Why ISO images of some flavours of Ubuntu can be put on USB stick by dd command and boot successfully, while others flavours don't? Moreover it looks like it is dependant of particular USB stick too. I tried with standard Ubuntu:

$ sudo dd if=./ubuntu.iso of=/dev/sdd bs=8129

And it works like charm, I mean: boot and installs or run live Ubuntu. But when I use another USB stick prepared the same way, it fails to boot with Operating system not found BIOS error.

When I try the Ubuntu GNOME, then it simply does not boot with the same error as in previous example, regardless of which one USB stick I use.

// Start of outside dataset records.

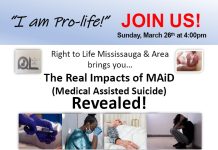 Prezentacja o eutanazji w kościele św. Maksymiliana Kolbe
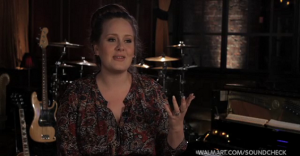 adele 300x156 Live Video: Adele Live for Walmart Soundcheck 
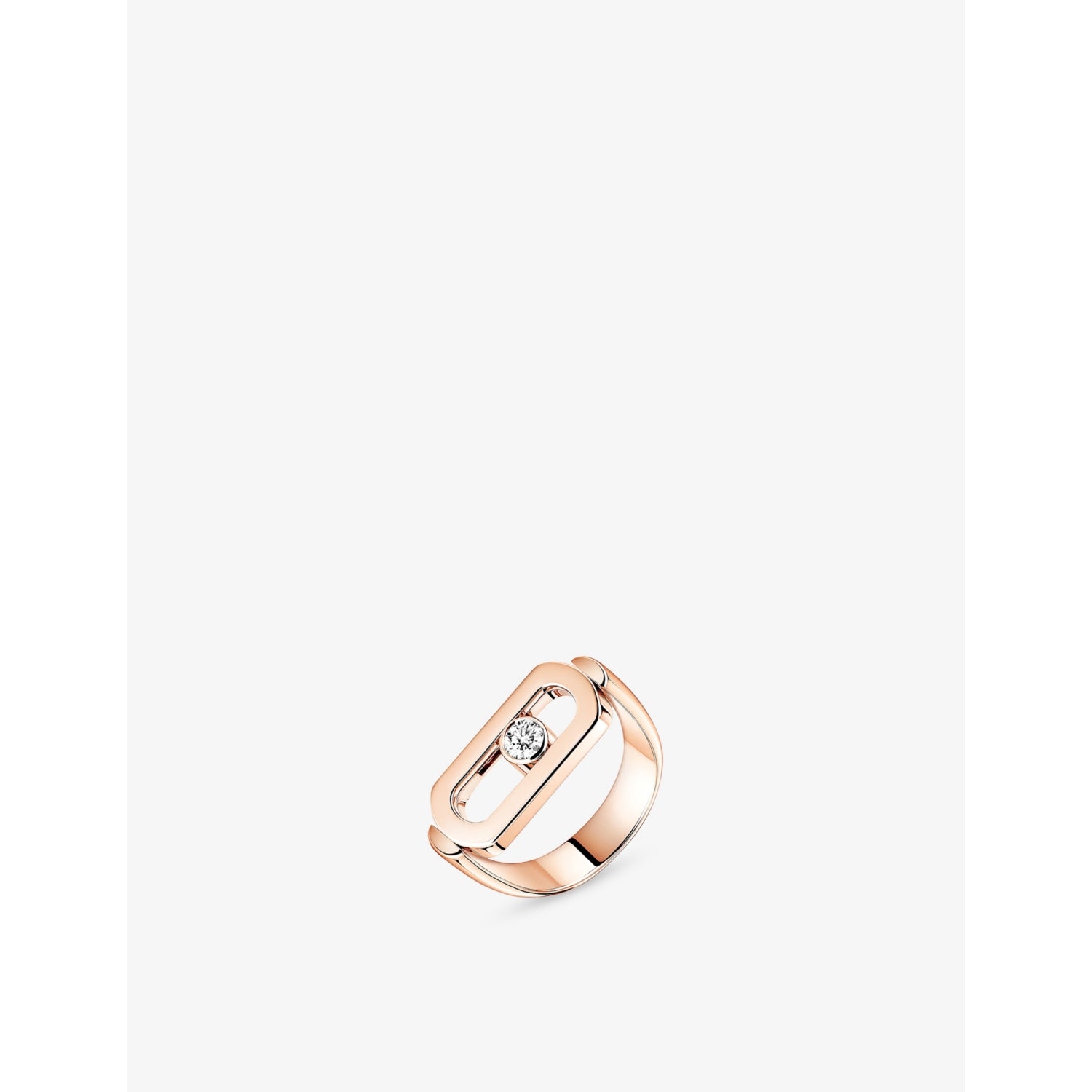 Imperial Move 18ct Gold And 0.83ct Diamond Ring - PINK - K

I know, that there is Startup Disk Creator application in Ubuntu, but I have been convinced, that it is only a GUI facade for simple dd command, and I can always use dd to create bootable USB stick, at least for Linux. Am I wrong?

Best Answer

If you run Startup Disk Creator, you'll notice that it does three (four) things:

  1. Format the drive
  2. Copy over the data from the ISO to the drive
  3. (Add an extra casper1 file for persistence, if selected. dd does not give you persistence.)
  4. Install a bootloader

It is not a GUI for dd (there are GUIs for dd, but SDC is not one of those). You can think of it as doing equivalent of Arch Linux's or Gentoo's manual methods. You should be able to create a bootable USB using most (reasonably popular) distros' installation ISOs at present. This was not true about three or four years ago, when I looked at Arch. It was only 2010 that all Arch ISOs gained this feature (where you could write it directly to a USB drive) - from 2008 to 2010 they had special USB images.

Further, if you dd a drive directly, that drive is effectively read-only until you format it or use the remaining space somehow. A SCD-created disk is still usable as a USB drive, even though the contents are are not accessible from the live environment easily. So if you dd a 1GB ISO to a 8 or 16 GB USB drive, you're effectively abandoning the remaining space unless extra steps are taken.


1Typically, most live images use a SquashFS file for the root partition. SquashFS is read-only, so for persistence, a casper-rw file is created in /casper. I am not sure of the origins of casper. From what I understand, when booted with the boot=casper option, the kernel overlays the casper file (creating one if none exists) on top of the squashfs, so that it gains write capability. casper doesn't have to be a file, it can also be a partition.